Kenya Sport

Australia’s Tactical Dilemma and World Cup Highlights

The World Cup has finally caught fire. Not just on the pitch, but in the dugouts, in the press rooms and in the minds of players who know a single mistake now lives forever.

Australia’s injury blow and a tactical dilemma

Australia’s World Cup campaign took a hit before a ball is even kicked in their decisive group clash with Paraguay. Alessandro Italiano, who had quietly become one of Tony Popovic’s most important players, is set to miss out with an injury concern.

He stepped in for Lewis Miller and never looked back. Industrious, disciplined, relentless down the right. He helped shut out Turkiye on Matchday 1, then went the full 90 against the USA. In a tournament where full-backs are often auxiliary wingers, Italiano has been Australia’s metronome on that flank.

Now Popovic has to rip up a plan that had at least given his side defensive stability.

The Socceroos paid a heavy price for their caution in Seattle. Sitting deep against the USA, they conceded twice before half-time and only came alive when Connor Metcalfe, Nestory Irankunda and Cristian Volpato were unleashed after the break.

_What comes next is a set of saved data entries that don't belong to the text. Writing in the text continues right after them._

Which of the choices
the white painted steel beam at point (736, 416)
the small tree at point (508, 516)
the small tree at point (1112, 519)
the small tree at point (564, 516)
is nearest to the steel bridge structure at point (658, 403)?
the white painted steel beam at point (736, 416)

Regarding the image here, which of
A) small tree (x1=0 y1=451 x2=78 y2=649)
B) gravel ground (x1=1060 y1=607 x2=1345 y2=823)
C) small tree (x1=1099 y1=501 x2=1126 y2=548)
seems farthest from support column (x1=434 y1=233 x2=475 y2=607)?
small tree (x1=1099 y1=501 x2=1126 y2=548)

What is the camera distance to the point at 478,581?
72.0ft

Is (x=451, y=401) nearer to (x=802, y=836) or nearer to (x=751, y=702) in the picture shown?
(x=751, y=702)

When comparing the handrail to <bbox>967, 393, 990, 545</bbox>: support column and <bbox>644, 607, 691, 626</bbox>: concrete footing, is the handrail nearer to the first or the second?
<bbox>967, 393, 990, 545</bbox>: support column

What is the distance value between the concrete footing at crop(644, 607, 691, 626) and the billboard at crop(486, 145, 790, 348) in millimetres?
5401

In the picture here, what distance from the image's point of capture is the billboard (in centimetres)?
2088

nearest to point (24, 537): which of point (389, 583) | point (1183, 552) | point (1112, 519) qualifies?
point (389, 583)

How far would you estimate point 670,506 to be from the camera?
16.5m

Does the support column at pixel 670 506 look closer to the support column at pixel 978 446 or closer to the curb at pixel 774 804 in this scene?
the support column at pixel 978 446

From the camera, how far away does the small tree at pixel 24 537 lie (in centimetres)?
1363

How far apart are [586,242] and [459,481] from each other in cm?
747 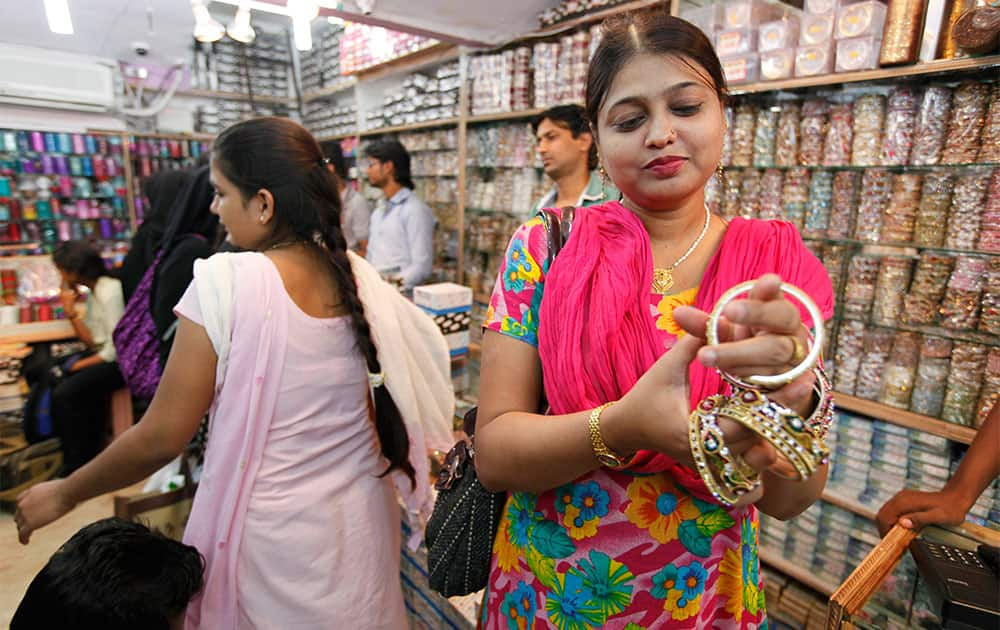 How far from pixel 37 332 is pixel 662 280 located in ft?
12.2

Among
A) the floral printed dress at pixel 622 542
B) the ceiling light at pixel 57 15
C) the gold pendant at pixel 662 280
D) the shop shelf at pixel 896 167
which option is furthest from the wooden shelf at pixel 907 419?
the ceiling light at pixel 57 15

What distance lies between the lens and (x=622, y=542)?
28.5 inches

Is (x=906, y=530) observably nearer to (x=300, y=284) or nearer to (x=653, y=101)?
(x=653, y=101)

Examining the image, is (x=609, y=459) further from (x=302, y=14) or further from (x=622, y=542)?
(x=302, y=14)

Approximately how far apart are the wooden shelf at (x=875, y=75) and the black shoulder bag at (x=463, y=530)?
61.3 inches

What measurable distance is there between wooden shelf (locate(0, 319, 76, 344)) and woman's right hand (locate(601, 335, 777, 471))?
12.0 feet

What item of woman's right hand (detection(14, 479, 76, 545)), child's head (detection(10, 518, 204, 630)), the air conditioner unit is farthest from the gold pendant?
the air conditioner unit

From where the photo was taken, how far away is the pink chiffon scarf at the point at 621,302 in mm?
653

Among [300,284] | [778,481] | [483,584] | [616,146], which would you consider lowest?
[483,584]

The game flipped instantly; so did the mood around the team.

Craig Foster wants that version of Australia from the first whistle against Paraguay.

Speaking to 1170 SEN Breakfast, he didn’t disguise his admiration for Popovic’s work – automatic qualification, renewed organisation, a side that’s hard to break down – but he pushed for more ambition. Foster argued the coach must inject pace early, trust the young, quick attackers and use their speed to turn half-chances into goals.

Volpato’s brief cameo against the USA clearly left a mark. Foster described it as “phenomenal” and suggested it should have made a statement in the coach’s mind. His view is simple: start Volpato and Irankunda, get ahead of Paraguay, then lean on the defensive structure that has already proved so stubborn.

The balance Popovic strikes now will define Australia’s tournament. Stay in his shell, or let the kids run?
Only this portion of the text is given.